Hamas gunmen attacked Israel on October 7, killing 1,400 people, mostly civilians, and taking around 240 hostages, Israeli authorities say.
Since then, Israel has relentlessly pounded the besieged Gaza Strip in its battle to destroy Hamas, levelling entire city blocks and killing more than 9,700 people, mostly women and children, according to the Hamas-run health ministry.
France's Jewish population, estimated at over 500,000, is the largest in Europe and the third-biggest in the world, after Israel and the United States.
Paris police chief Laurent Nunez said Sunday that there had been 257 anti-Semitic acts in the Paris region alone, and 90 arrests.
There was no typical profile for those arrested, he added. They ranged from 'young kids who say very serious things' to people involved in the pro-Palestinian cause who had gone too far.
Socialist Party leader Olivier Faure called on Sunday for all political forces to mobilise against anti-Semitism.

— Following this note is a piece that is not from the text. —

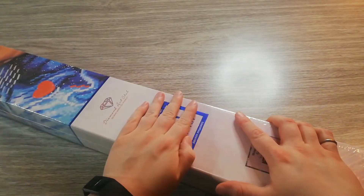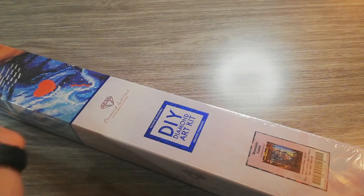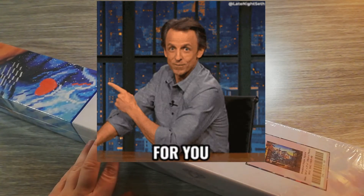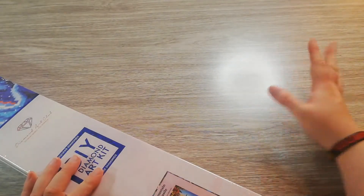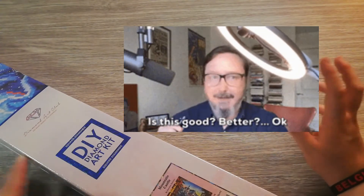Hello guys, you're watching Diamond Painting by Berlien, and I'm Berlien. Today I have an unboxing for you from Diamond Art Club. I got this canvas on my latest order and it is Mountain Castle, as you can see. I have my ring light on — it's going to give some shadows, which is going to be annoying, but otherwise it would have been too dark. As you can see, we have Mountain Castle by Dominic Davison.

In comments to Radio J, he suggested a demonstration in the next few days at Place de la Republique, a regular site for rallies in central Paris.
But his initiative immediately came under fire from politicians on the left for his failure to rule out allowing the far-right National Rally of Marine Le Pen to take part.
- Stabbing in Lyon -
Paris prosecutors are already investigating the daubing of dozens of Stars of David on buildings around the city and its suburbs last week.
The Union of Jewish Students of France said they were designed to mirror the way Jews were forced to wear the stars by the Nazi regime.
In the central city of Lyon, prosecutors said this weekend they suspected that anti-Semitism may have been behind an attack on a young Jewish woman, who was stabbed in her home there.
Police are treating the attack as attempted murder, they said, adding that the woman's life was not in danger and no arrest had been made.
And the mayor in the eastern city of Besancon on Sunday denounced what she said was a fresh wave of anti-Semitic graffiti there, after a first set appeared on October 31.
'We are witnessing an escalation of violence in the content of messages,' said Anne Vignot in a statement, noting that such behaviour could be prosecuted.